Aim of the exercise: Reproduce all the lines below exactly and omit the images.

Data provided:
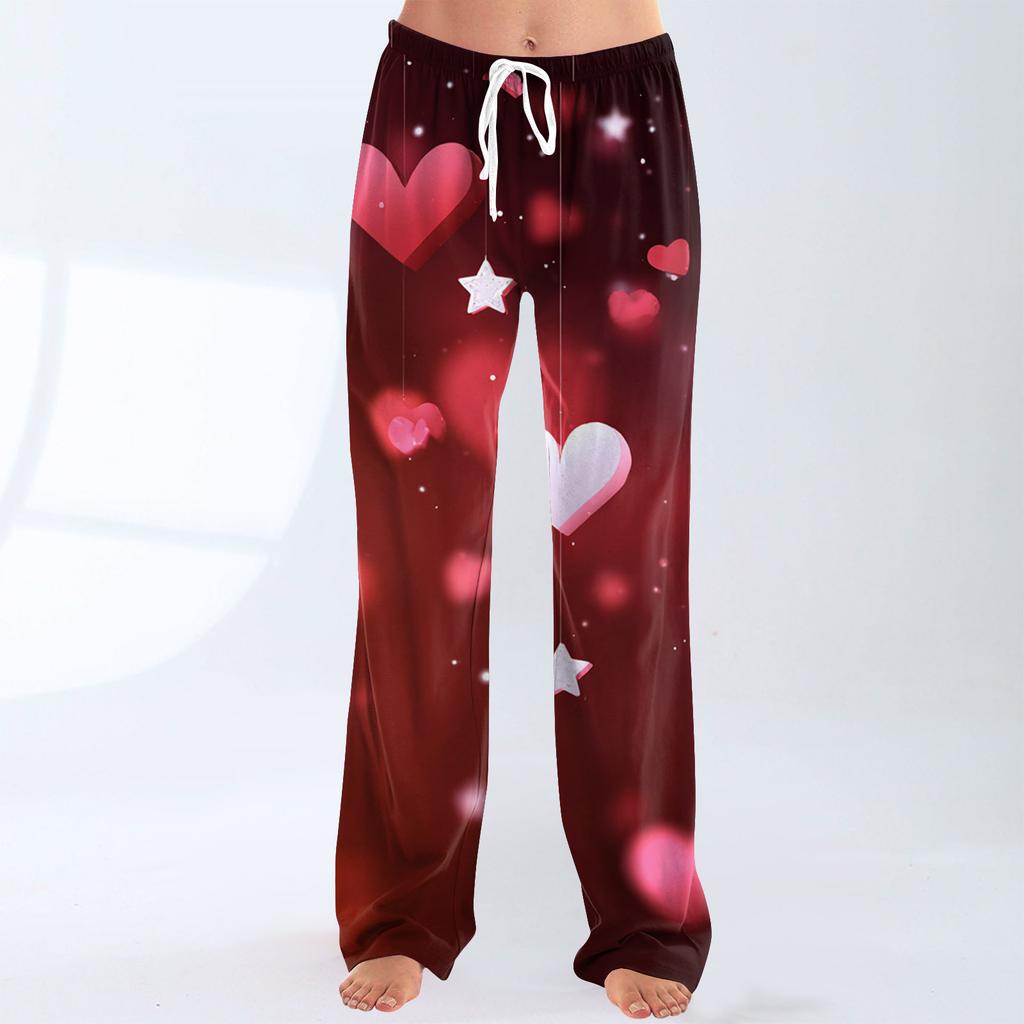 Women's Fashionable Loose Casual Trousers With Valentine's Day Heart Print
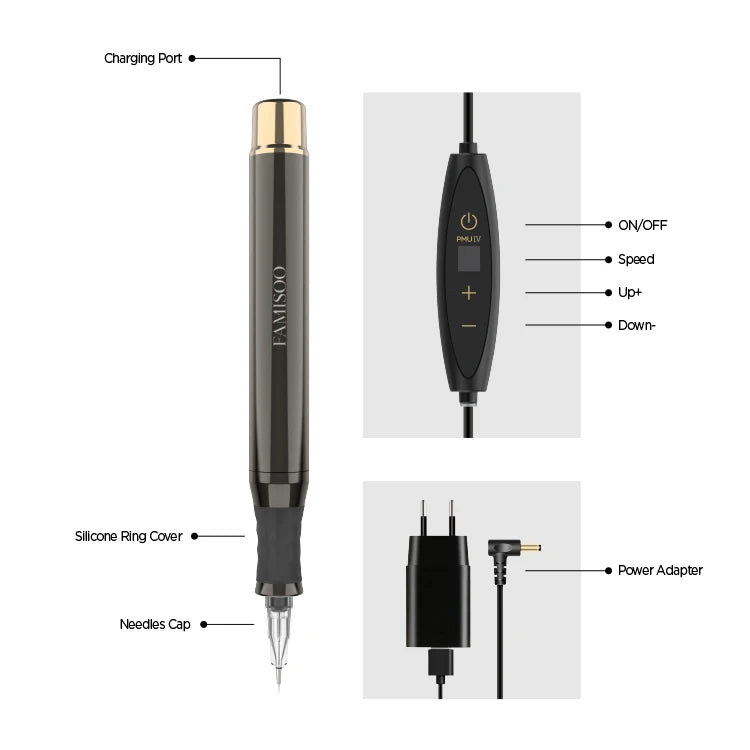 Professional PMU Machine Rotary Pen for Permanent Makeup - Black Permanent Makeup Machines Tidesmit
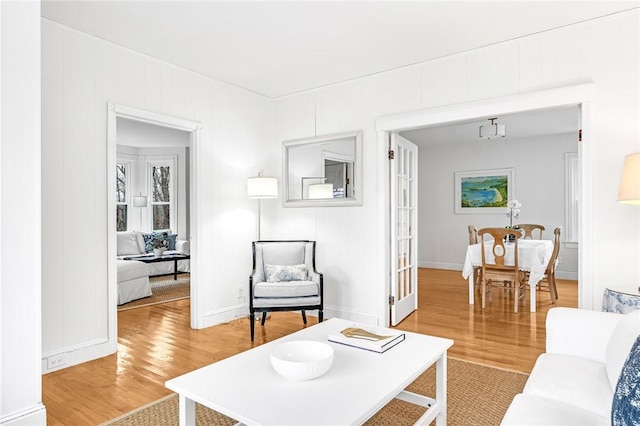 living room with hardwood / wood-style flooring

Reply:
 Women's Fashionable Loose Casual Trousers With Valentine's Day Heart Print
 Professional PMU Machine Rotary Pen for Permanent Makeup - Black Permanent Makeup Machines Tidesmit
 living room with hardwood / wood-style flooring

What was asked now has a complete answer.